The next morning we started to lift the dinghy to where we inflate it on deck; Anne promptly screamed in agony as her back went.  She crawled below onto the berth, and then wasn’t able to leave the boat for a week.  Jim had to inflate and launch the dinghy, and lower the outboard engine on his own; he did all the shopping, cooking, washing up etc.

Finally able to get ashore, we went to the Bequia Book Club to help the children with their reading.  A request for help had been broadcast a couple of days earlier on the Coconut Net, a Caribbean-wide net on the long distance radio (SSB) for cruisers to let others know where they are and keep in contact.  The club is run by a local woman, Cheryl Johnson, an amazing woman with an immense personality who runs this reading club every Saturday.  About 50 children turned up, who were divided into groups of similar ability.  Each group had a book, from which each child read a page or so in turn – our job was to help with difficult words and oversee the discussion about the book that followed.  Two or three children from each group in turn then gave a presentation on the book to the rest of the club.  The enthusiasm of the children to read and the details they had picked up from the book, in spite of some very quiet and fast reading, was amazing.  This was followed by drinks and cake and general chatter between the children and visiting cruisers, who included some children as well.  We will certainly go along to help next time we are in Bequia as it was great to give something back to the local population and a most marvellous experience for us.

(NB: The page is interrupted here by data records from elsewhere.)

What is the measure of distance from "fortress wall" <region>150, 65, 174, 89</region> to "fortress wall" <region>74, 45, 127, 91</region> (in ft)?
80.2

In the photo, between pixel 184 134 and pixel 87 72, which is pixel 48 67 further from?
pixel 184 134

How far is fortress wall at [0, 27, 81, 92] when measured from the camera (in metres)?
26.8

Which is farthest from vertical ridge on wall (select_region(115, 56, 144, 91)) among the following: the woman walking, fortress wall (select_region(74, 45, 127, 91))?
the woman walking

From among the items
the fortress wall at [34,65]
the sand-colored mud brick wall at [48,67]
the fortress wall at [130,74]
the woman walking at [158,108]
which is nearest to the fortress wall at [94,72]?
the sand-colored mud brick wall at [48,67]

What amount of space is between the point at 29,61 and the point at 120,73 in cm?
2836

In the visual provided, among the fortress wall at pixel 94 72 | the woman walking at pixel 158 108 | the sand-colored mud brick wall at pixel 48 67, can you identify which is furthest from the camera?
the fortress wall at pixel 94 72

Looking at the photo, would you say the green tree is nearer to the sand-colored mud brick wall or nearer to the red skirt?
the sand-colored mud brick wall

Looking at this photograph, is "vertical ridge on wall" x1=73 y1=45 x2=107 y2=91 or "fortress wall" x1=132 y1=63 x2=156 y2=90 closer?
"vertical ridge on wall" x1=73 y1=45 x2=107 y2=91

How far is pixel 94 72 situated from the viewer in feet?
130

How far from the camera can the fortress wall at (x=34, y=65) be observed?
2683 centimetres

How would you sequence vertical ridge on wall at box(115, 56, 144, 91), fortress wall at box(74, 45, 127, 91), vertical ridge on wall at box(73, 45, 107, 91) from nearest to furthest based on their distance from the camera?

After another few days Anne was fit to sail again and we set off for Carriacou.

For St Lucia photos please click here

Les Saintes, Guadeloupe

11 – 21 May 2010

Les Saintes (2)After an overnight passage with variable, but fairly light, winds with some motoring, we anchored in the bay off Bourg des Saintes, the main town in Les Saintes – a small group of islands which are part of Guadeloupe.

We intended staying here for just three or four days, but the weather turned against us and it was 10 days before we were able to depart.  But if you have to get stuck somewhere this is a beautiful place for it – the small town is charming, the large well-protected bay is beautiful and the scenery is lovely.

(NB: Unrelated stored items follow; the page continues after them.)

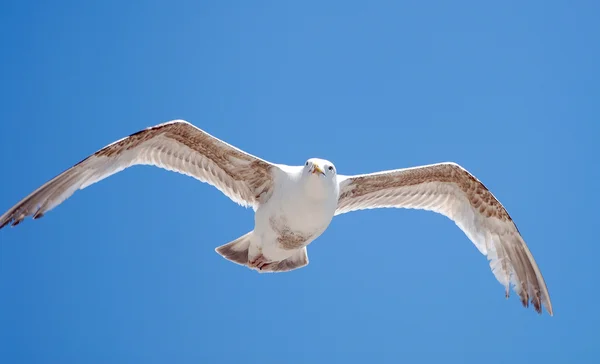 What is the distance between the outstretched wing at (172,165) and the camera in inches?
520

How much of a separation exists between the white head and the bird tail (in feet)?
6.42

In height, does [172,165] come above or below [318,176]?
above

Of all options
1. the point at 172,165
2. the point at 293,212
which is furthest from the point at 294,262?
the point at 172,165

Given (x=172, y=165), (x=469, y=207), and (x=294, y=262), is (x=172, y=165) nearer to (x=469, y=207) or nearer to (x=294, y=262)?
(x=294, y=262)

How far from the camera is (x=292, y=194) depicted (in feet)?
41.9

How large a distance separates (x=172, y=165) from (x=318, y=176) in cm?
286

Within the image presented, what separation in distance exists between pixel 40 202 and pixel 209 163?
280 centimetres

We didn’t do any sightseeing around the island, but we went ashore every day for some basic shopping in the small mini-markets, and often just sat at a cafe with a coffee or ice cream and watched the world go by.  It was mostly a very restful time.

We did need to get some petrol for our dinghy’s outboard motor and, after asking around, found that there is no petrol station in the town – the only available fuel is at a dock in another bay, accessible by a road over the hill and then a path.  So we thought it a lovely day for a walk, took the can in a knapsack and set off as directed.  We got to the next bay and found the beginning of the path.  There were occasional marks on the route, but for a number of different paths but for a while we followed the right one.  Then we arrived at a chainlink fence across our way; we couldn’t see the path at all so we guessed, found a path and followed it… almost to the top of the hill – great views, but the wrong path!!  Backtracked to the fence and hailed the young men inside for directions; they very kindly sent a boy out to show us the way.  The right path was mostly across rock and invisible if you didn’t know it, but we eventually arrived at the fuel dock – hot, tired and very thirsty.  We filled our can, bought some water to drink, and made the return journey much faster.

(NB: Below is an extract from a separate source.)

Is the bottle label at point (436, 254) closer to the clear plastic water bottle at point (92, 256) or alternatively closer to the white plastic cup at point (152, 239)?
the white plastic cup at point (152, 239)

A few days later we decided we needed to get some diesel for the boat’s engine – this time we motored round and anchored in the bay, and transported the fuel by dinghy to the boat, returning to the main anchorage the same afternoon.

We also needed to fill our water tank whilst here – the only place was from the yacht club.  You pay in advance, tie up to their mooring buoy which has a hose attached and then radio the club to turn on and off the water.  As it was a set price for as much as you could take we filled up the tank, every container on board and all the buckets – so we did the laundry that day.

Once the weather became favourable for an overnight passage to Martinique we went on our way, but look forward to returning again next season.